▶ _YOUR OBJECTIVE_:
An exact reprint of every record below is required, with the pictures left out.

─── INFORMATION SHOWN ───

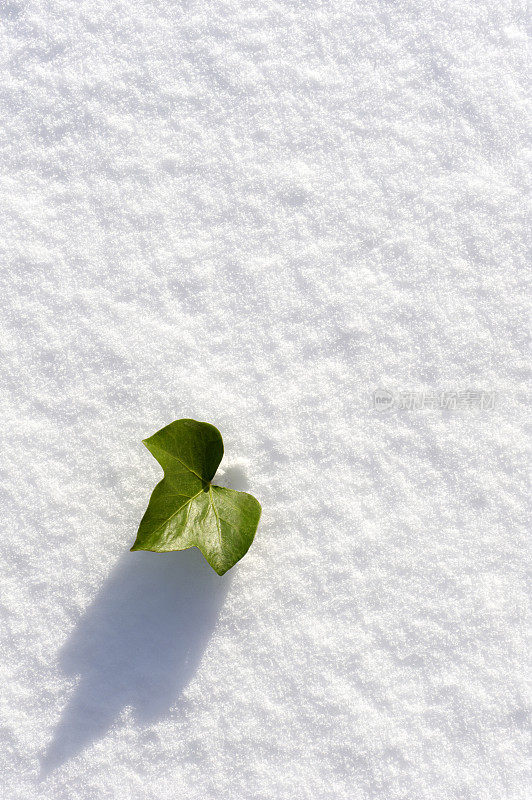 树叶在雪地里。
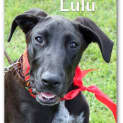 Photo of Lulu (Adoption Pending)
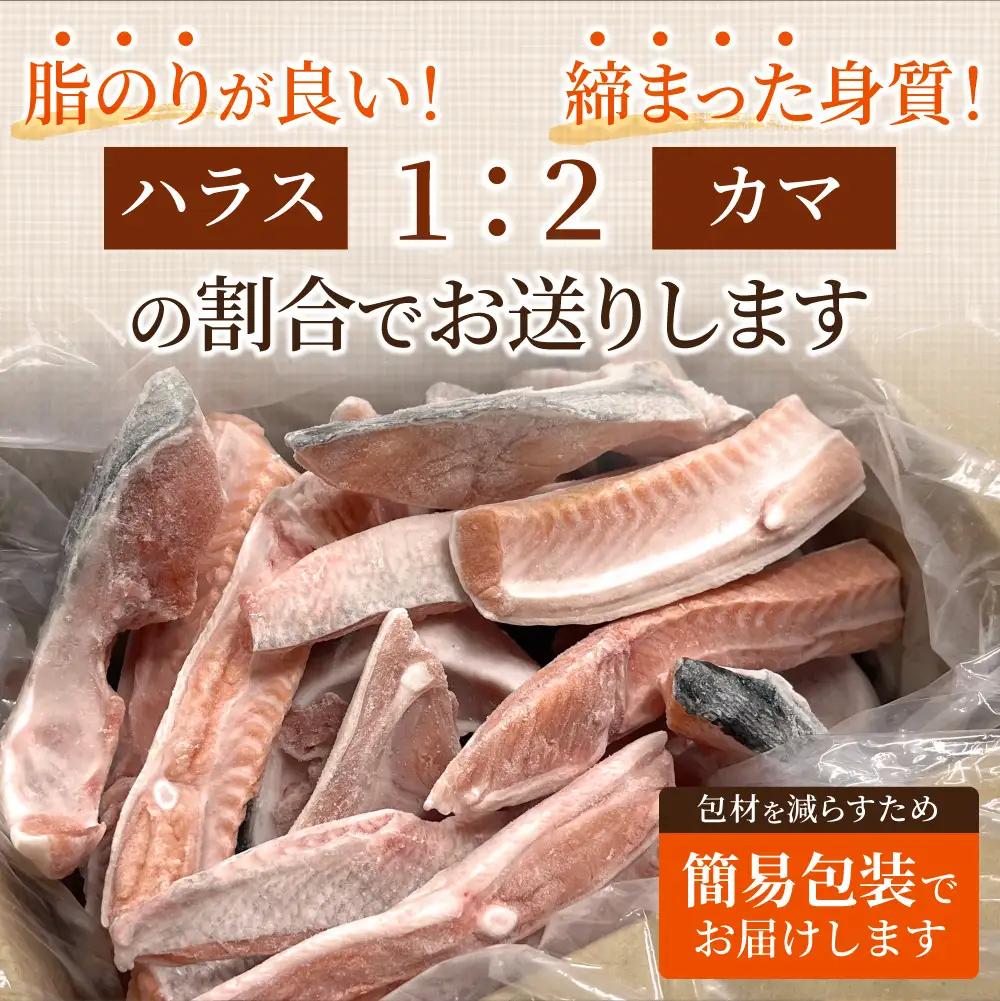 【先行受付】〈数量限定〉 知床斜里産 天然秋鮭カマ＆ハラス 1.5kg  鮭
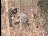 Thumbnail 25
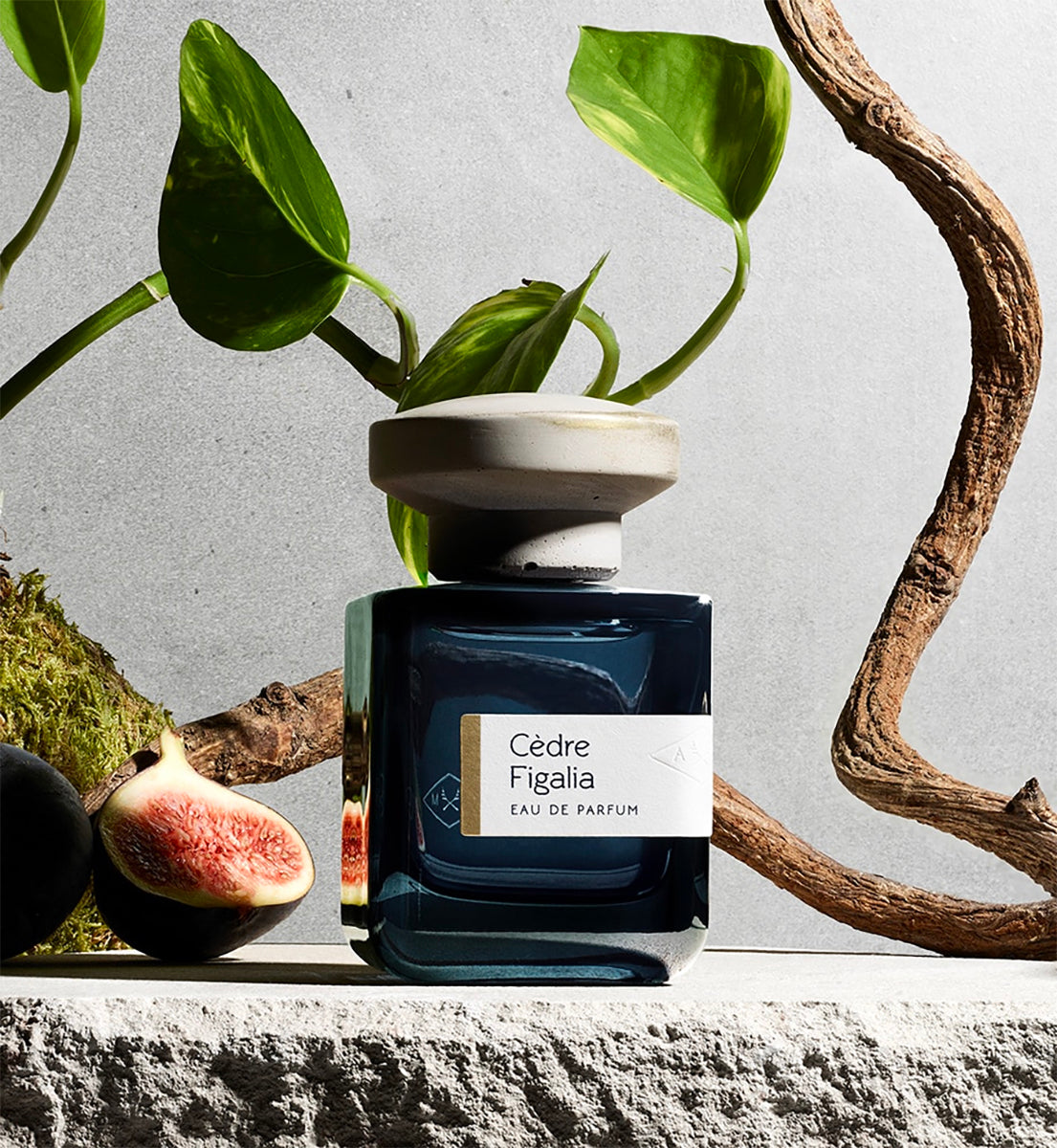 Cèdre Figalia by Atelier Materi at Indigo illustrated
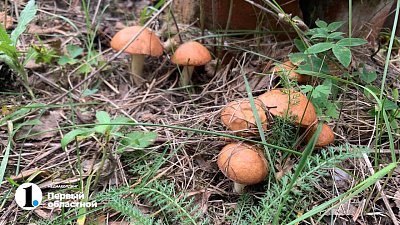 Ученый рассказал, где в Челябинской области нельзя собирать грибы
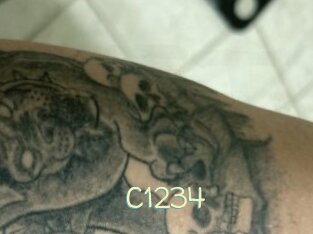 C1234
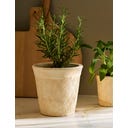 Garden Trading Blumentopf 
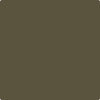 Shop CC-662 Night Owl by Benjamin Moore at Johnson & Maine Paint in MA, NH, and ME.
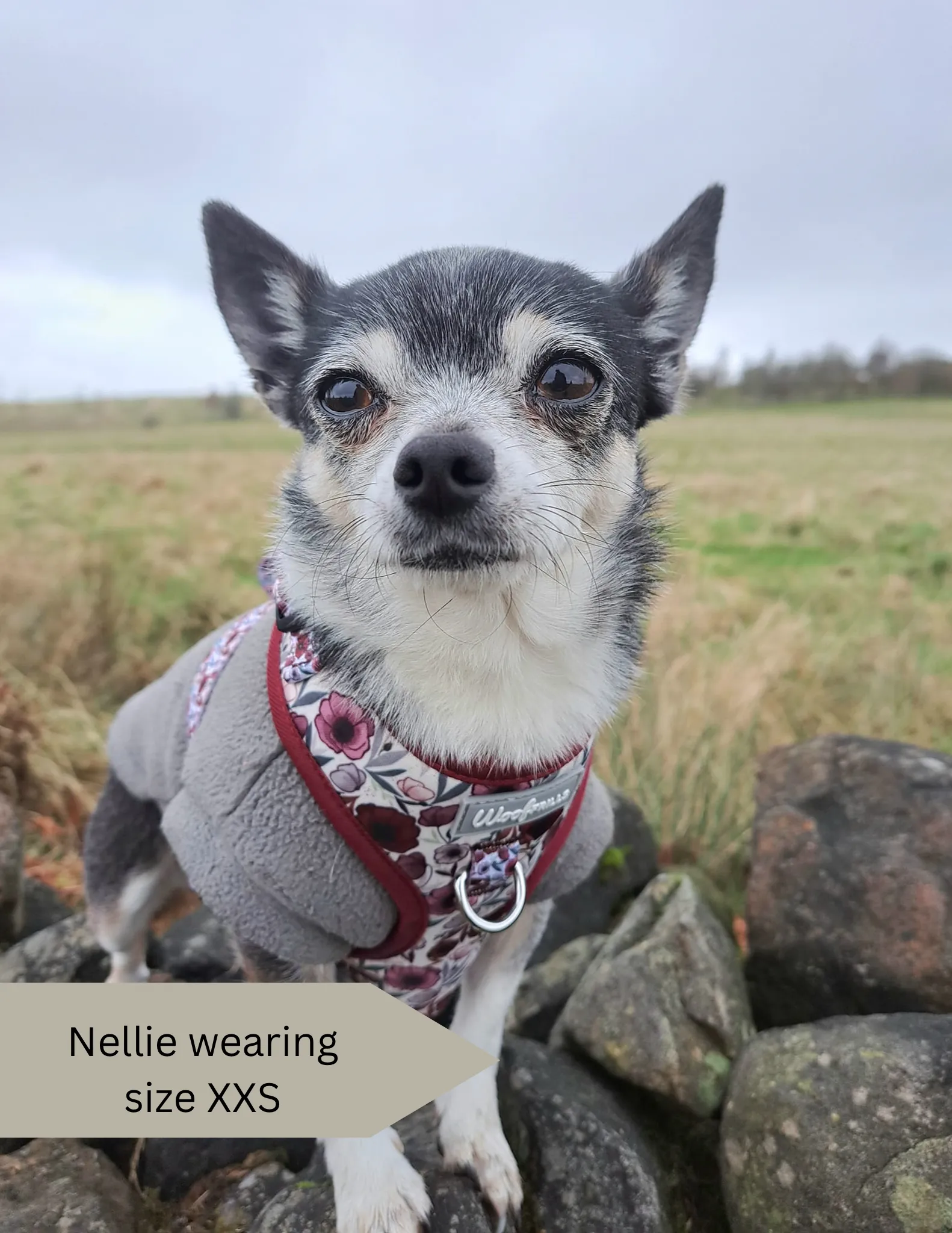 Dog Harness | Poppy Power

───

▶ _REPLY_:
 树叶在雪地里。
 Photo of Lulu (Adoption Pending)
 【先行受付】〈数量限定〉 知床斜里産 天然秋鮭カマ＆ハラス 1.5kg  鮭
 Thumbnail 25
 Cèdre Figalia by Atelier Materi at Indigo illustrated
 Ученый рассказал, где в Челябинской области нельзя собирать грибы
 C1234
 Garden Trading Blumentopf 
 Shop CC-662 Night Owl by Benjamin Moore at Johnson & Maine Paint in MA, NH, and ME.
 Dog Harness | Poppy Power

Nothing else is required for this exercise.